Publisher: Beacon Press
ISBN: 0807046949
Category : History
Languages : en
Pages : 346
Book Description
Four stories of resilience, mutual aid, and radical rebellion that will transform how we understand the Great Depression Drawing on little-known stories of working people, What Can We Learn from the Great Depression? amplifies voices that have been long omitted from standard histories of the Depression era. In four tales, Professor Dana Frank explores how ordinary working people in the US turned to collective action to meet the crisis of the Great Depression and what we can learn from them today. Readers are introduced to * the 7 daring Black women who worked as wet nurses and staged a sit-down strike to demand better pay and an end to racial discrimination * the groups who used mutual aid, cooperatives, eviction protests, and demands for government relief to meet their basic needs * the million Mexican and Mexican American repatriados who were erased from mainstream historical memory, while (often fictitious) white “Dust Bowl migrants” became enshrined * the Black Legion, a white supremacist fascist organization that saw racism, antisemitism, anti-Catholicism, and fascism as the cure to the Depression While capitalism crashed during the Great Depression, racism did not and was, in fact, wielded by some to blame and oppress their neighbors.

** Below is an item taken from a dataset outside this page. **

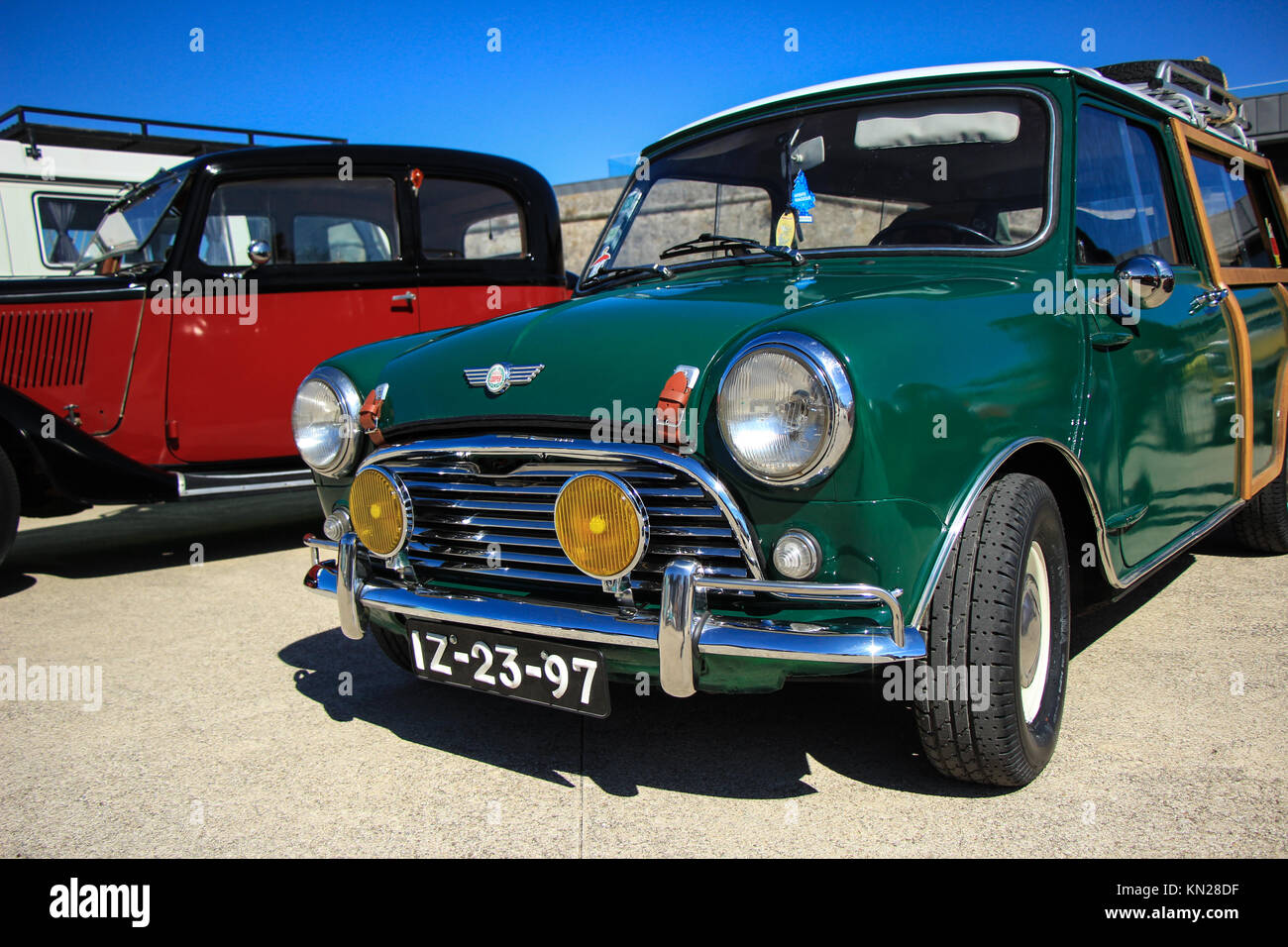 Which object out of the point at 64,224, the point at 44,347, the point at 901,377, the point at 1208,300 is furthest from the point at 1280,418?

Patriarchy persisted, too, undermining the power of social movements and justifying women’s marginalization within them. For other ordinary people, collective action gave them the means to survive and fight against such hostilities. What resulted were powerful new forms of horizontal reciprocity and solidarity that allowed people to provide each other with the bread, beans, and comradeship of daily life. The New Deal, when it arrived, provided vital resources to many, but others were cut off from its full benefits, especially if they were women or people of color. What Can We Learn from the Great Depression? shows us how we might look to the past to think about how we can shape the future of our own failed economy. These lessons can also help us imagine and build movements to challenge such an economy—and to transform the state as a whole—in service to the common good without replicating racism and patriarchy.